The average occupation nr. of an energy level in a bosonic/fermonic gas is:

$$\langle n_i \rangle=\frac{1}{e^{\beta(\epsilon_i-\mu)}\pm 1}.$$

If we make the assumption that we have a quantum gas of low density or that the temperature is high enough so that the average distance that the particle can cover without colliding with another is larger then the thermal wave length (de-Broglie wave length), then we gain the average occupation nr. of an energy level for an ideal classic gas, which is:

$$\langle n_i \rangle=e^{-\beta(\epsilon_i-\mu)}.$$

Initially we consider an ideal quantum gas and later on an ideal classic gas. The difference is that in an ideal quantum gas, the particles are indistinguishable in difference from an ideal classic gas.

It appears to me that once the temperature is big enough of the density is small enough, then we somehow do not care about the type of the particles from which the gas is made of.

What is the argument made, that once we make the above mentioned changes, the particles (whether bosons or fermions) from indistinguishable become distinguishable. I am assuming that this is the difference between quantum and classic gas.

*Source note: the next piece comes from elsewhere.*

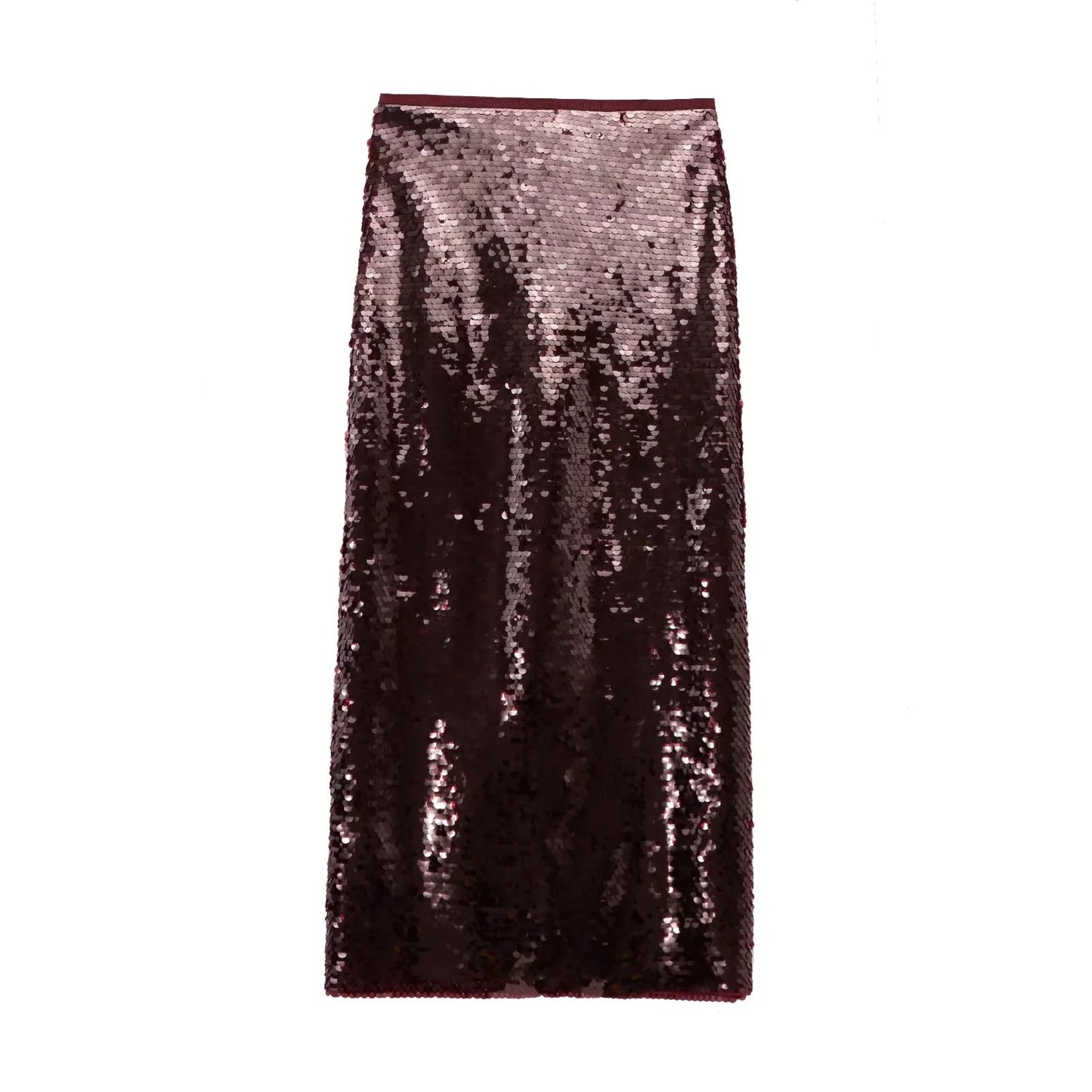Women's Solid Color Party Shiny High Waist Sequined Skirt - Eve & Kith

And a follow up question for an ideal classic gas:

What is the characteristics/quality that helps us distinguish the particles?

Answer 1

The difference is that in an ideal quantum gas, the particles are indistinguishable in difference from an ideal classic gas.

The particles which make up a classical ideal gas are indistinguishable too. This is the origin of the Gibbs paradox, and of the standard factor of $1/N!$ which is added to the calculation of the classical partition function.

What is the argument made, that once we make the above mentioned changes, the particles (whether bosons or fermions) from indistinguishable become distinguishable. I am assuming that this is the difference between quantum and classic gas.

And a follow up question for an ideal classic gas: What is the characteristics/quality that helps us distinguish the particles?

There is no such characteristic or quality. The difference between classical and quantum statistics is not a matter of distinguishability vs indistinguishability - it is a matter of how carefully we account for indistinguishability when we're counting the microstates.

If we have $N$ particles which all occupy different states, then there are $N!$ ways to permute them. If the particles are indistinguishable, then all of those $N!$ configurations should really be counted as one, which means that we've overcounted by a factor of $N!$ and should divide by that factor to fix the error.

However, if some of the particles are occupying the same state, then this factor is no longer correct. For example, imagine that we have three particles and three distinct states which each particle may inhabit. It's easy to see that there are $3!=6$ ways to put them all in a different state.

On the other hand, imagine that these three particles only occupy two states, e.g. that two particles occupy state $A$ and the other particle occupies state $B$. In this case, there are only three possible configurations of the system, and so dividing by $3!$ is no longer appropriate. If all of the particles occupy the same state, then there is only one configuration of the system and we haven't overcounted at all.

In other words, the assumption that $N!$ is the correct overcounting factor amounts to the assumption that the number of configurations in which any of the states are multiply-occupied is negligible - which is the same as saying that the average occupancy of the single-particle states is $\ll 1$. That is,

$$\langle n_i\rangle = \frac{1}{e^{\beta(\epsilon_i-\mu)}\pm 1} \ll 1 \implies e^{\beta(\epsilon_i-\mu)}\pm 1 \gg 1$$

But this is precisely the circumstance under which $e^{\beta(\epsilon_i-\mu)}\pm 1$ is well-approximated simply by $e^{\beta(\epsilon_i-\mu)}$, from which we recover the classical Boltzmann factor.